Dataset items:
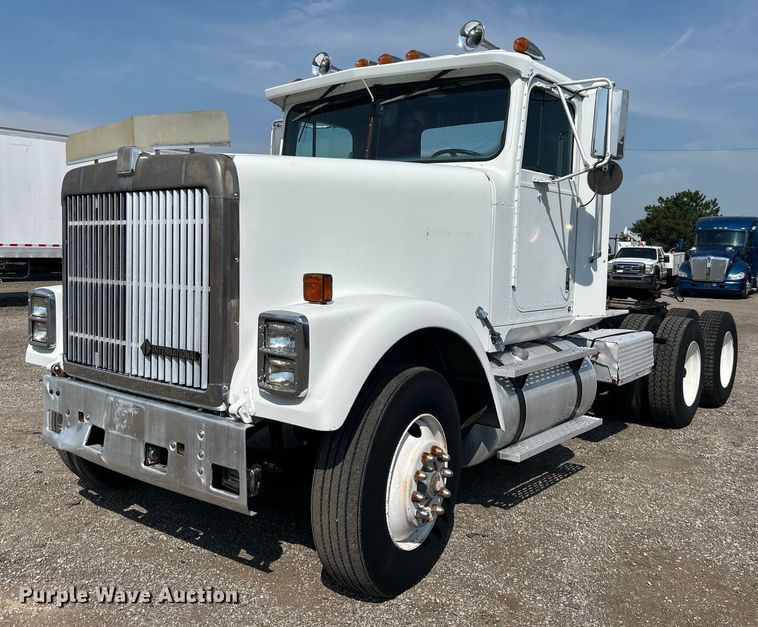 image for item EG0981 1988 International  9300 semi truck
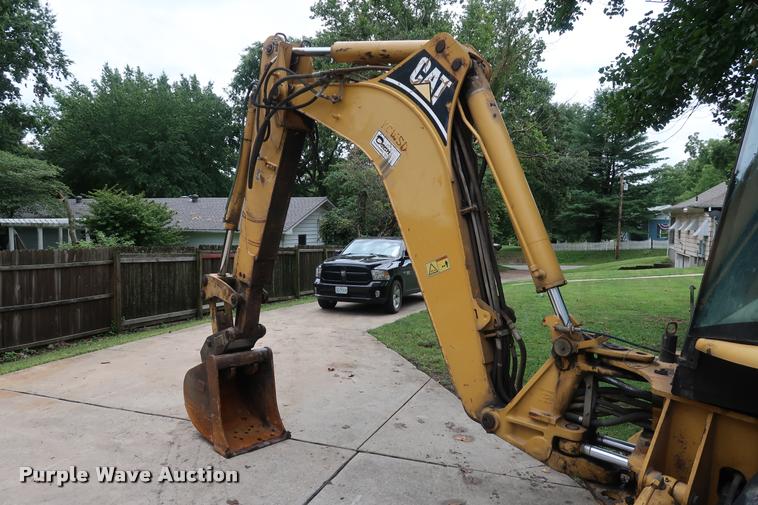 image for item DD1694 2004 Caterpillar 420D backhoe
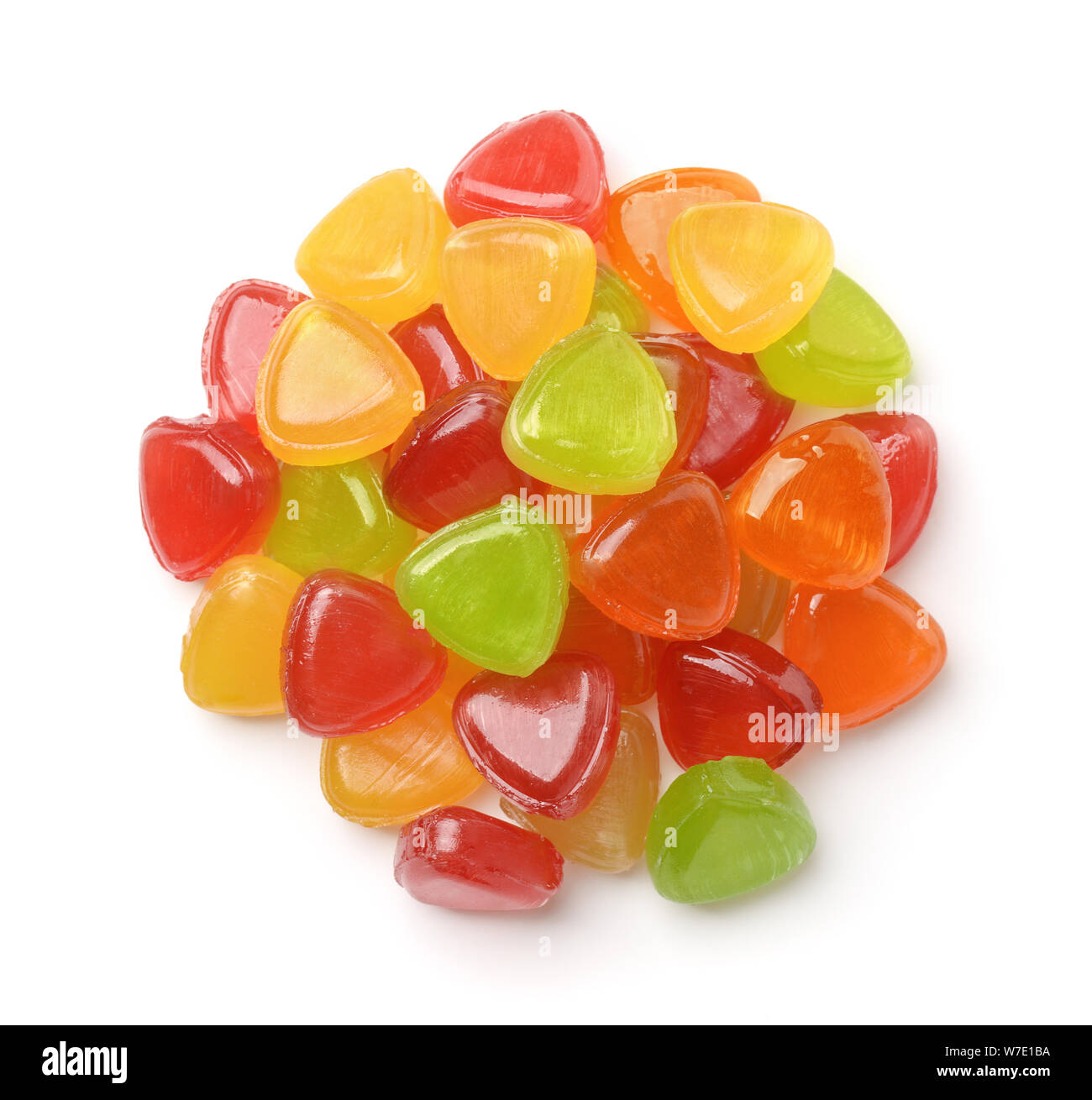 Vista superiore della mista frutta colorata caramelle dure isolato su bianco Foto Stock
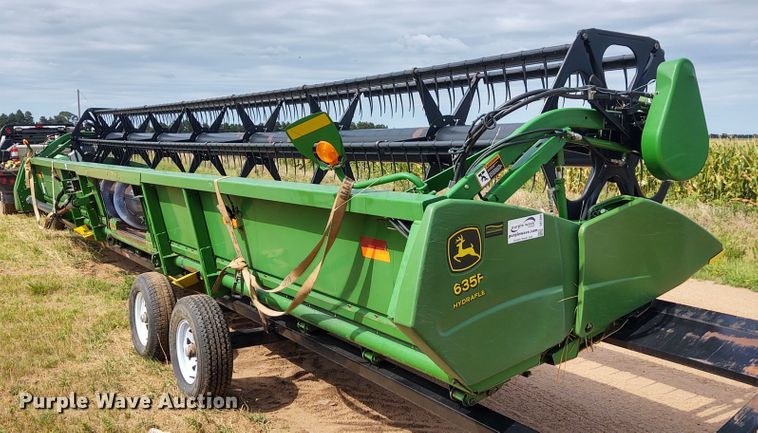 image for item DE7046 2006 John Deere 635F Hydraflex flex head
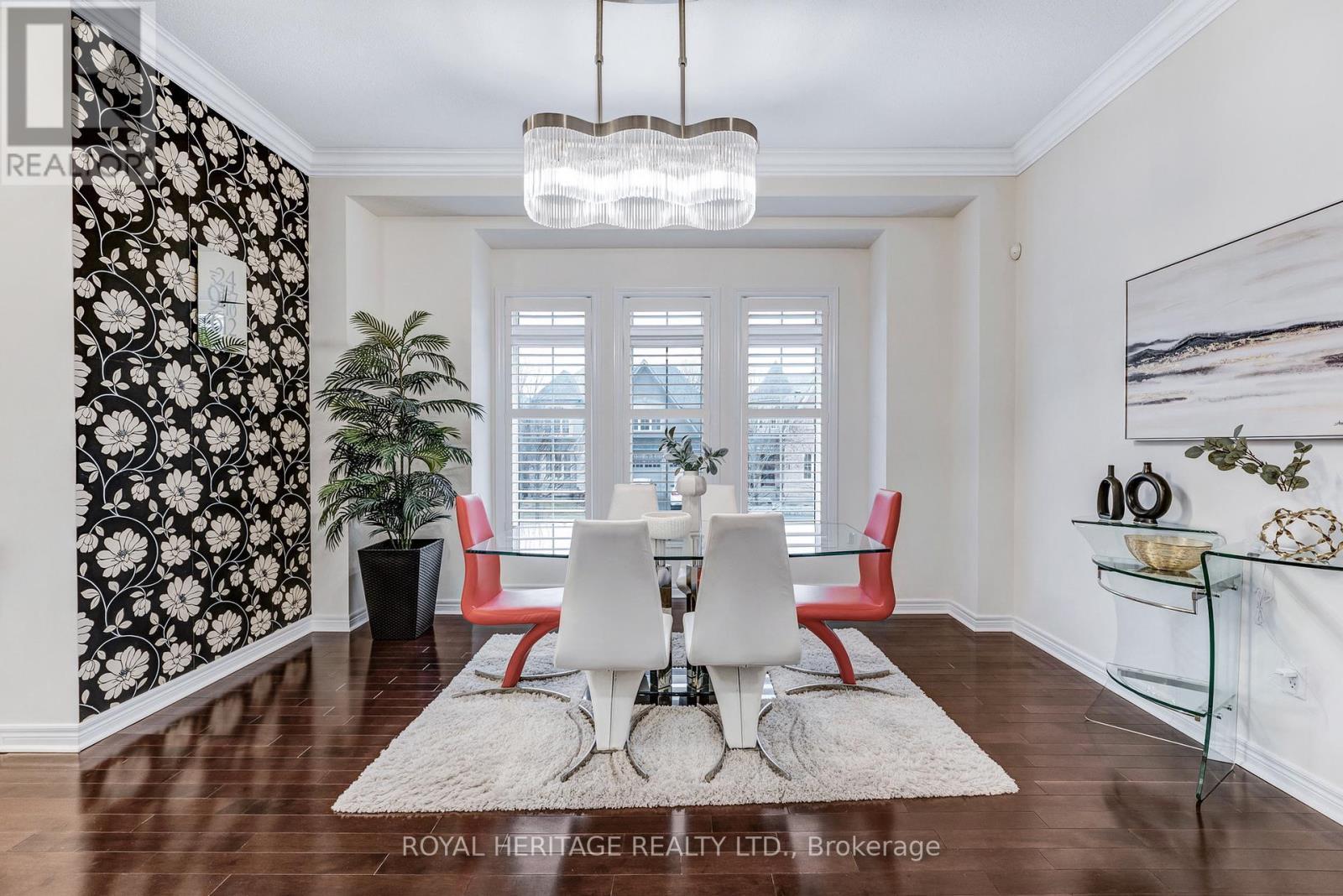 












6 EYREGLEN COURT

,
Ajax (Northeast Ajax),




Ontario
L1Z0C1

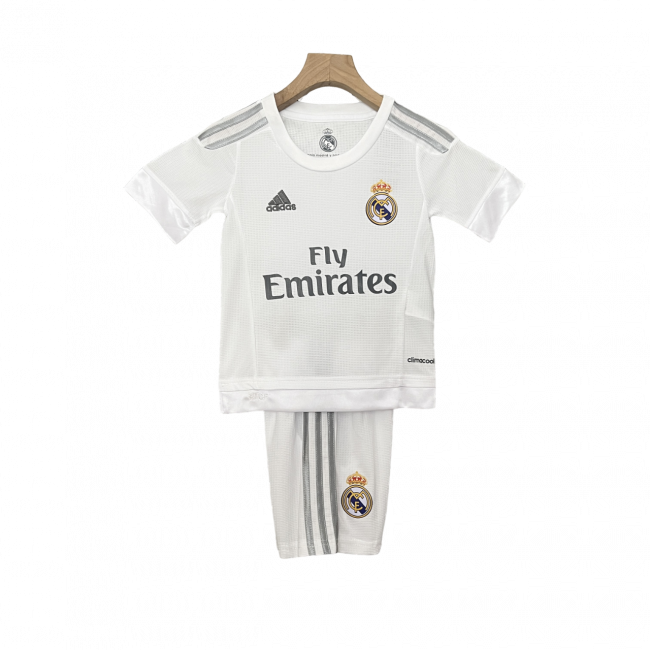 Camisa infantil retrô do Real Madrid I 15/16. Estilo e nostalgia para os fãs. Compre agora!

**Problem requirements:**
Restate the entries above word for word, and keep the pictures out.

**Expected answer:**
 image for item EG0981 1988 International  9300 semi truck
 image for item DD1694 2004 Caterpillar 420D backhoe
 Vista superiore della mista frutta colorata caramelle dure isolato su bianco Foto Stock
 image for item DE7046 2006 John Deere 635F Hydraflex flex head












6 EYREGLEN COURT

,
Ajax (Northeast Ajax),




Ontario
L1Z0C1

 Camisa infantil retrô do Real Madrid I 15/16. Estilo e nostalgia para os fãs. Compre agora!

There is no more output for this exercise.